This repository contains a supervised model NERC model for French trained with an extended version of Apache OpenNLP to support PoS features extraction.
This repository folder structure is organized as follows:
- models:
NERC and PoS model for French. The NERC model has the PoS model inside, so the PoS model is not really necessary.
- core:
the source code of the extended Apache OpenNLP library.
- opennlp:
the compiled Apache OpenNLP library with command line utility.
- TSD2014preprint619.pdf:
the paper where the research work is described.
- Java 1.7 or newer
Development requirements:
- Maven 3.0 or newer
Installation is not really necessary you can get started using the OpeNLP command line tool provided in the repository.
You can use the extended OpenNLP version in the same way that the Apache OpenNLP original version described in theDeveloper Documentation.
If you want to train a new NERC model with PoS feature extraction, you have to provide a custom feature generator.
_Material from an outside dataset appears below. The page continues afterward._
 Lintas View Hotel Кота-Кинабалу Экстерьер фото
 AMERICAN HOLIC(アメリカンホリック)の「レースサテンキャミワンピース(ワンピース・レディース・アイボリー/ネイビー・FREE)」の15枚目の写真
The trained NERC model will store the PoS model inside, so the PoS model is no longer needed. You can define a custom feature generator either via API or via an xml descriptor file.
The custom generator must be used for training and for detecting the names. If the feature generation during training time and detection time is different the name finder might not be able to detect names. The following lines show how to construct a custom feature generator:
AdaptiveFeatureGenerator featureGenerator = new CachedFeatureGenerator(
new AdaptiveFeatureGenerator[]{
new WindowFeatureGenerator(new TokenFeatureGenerator(), 2, 2),
new WindowFeatureGenerator(new TokenClassFeatureGenerator(true), 2, 2),
new WindowFeatureGenerator(new PoSFeatureGenerator("/pos-model-path.bin", TagSet.NONE), 2, 2),
new OutcomePriorFeatureGenerator(),
new PreviousMapFeatureGenerator(),
new BigramNameFeatureGenerator(),
new SentenceFeatureGenerator(true, false)
});
The javadoc of the feature generator classes explain what the individual feature generators do. To write a custom feature generator please implement the AdaptiveFeatureGenerator interface or if it must not be adaptive extend the FeatureGeneratorAdapter. The train method which should be used is defined as
public static TokenNameFinderModel train(String languageCode, String type, ObjectStream<NameSample> samples,
TrainingParameters trainParams, AdaptiveFeatureGenerator generator, final Map<String, Object> resources) throws IOException
and can take feature generator as an argument. To detect names the model which was returned from the train method and the feature generator must be passed to the NameFinderME constructor.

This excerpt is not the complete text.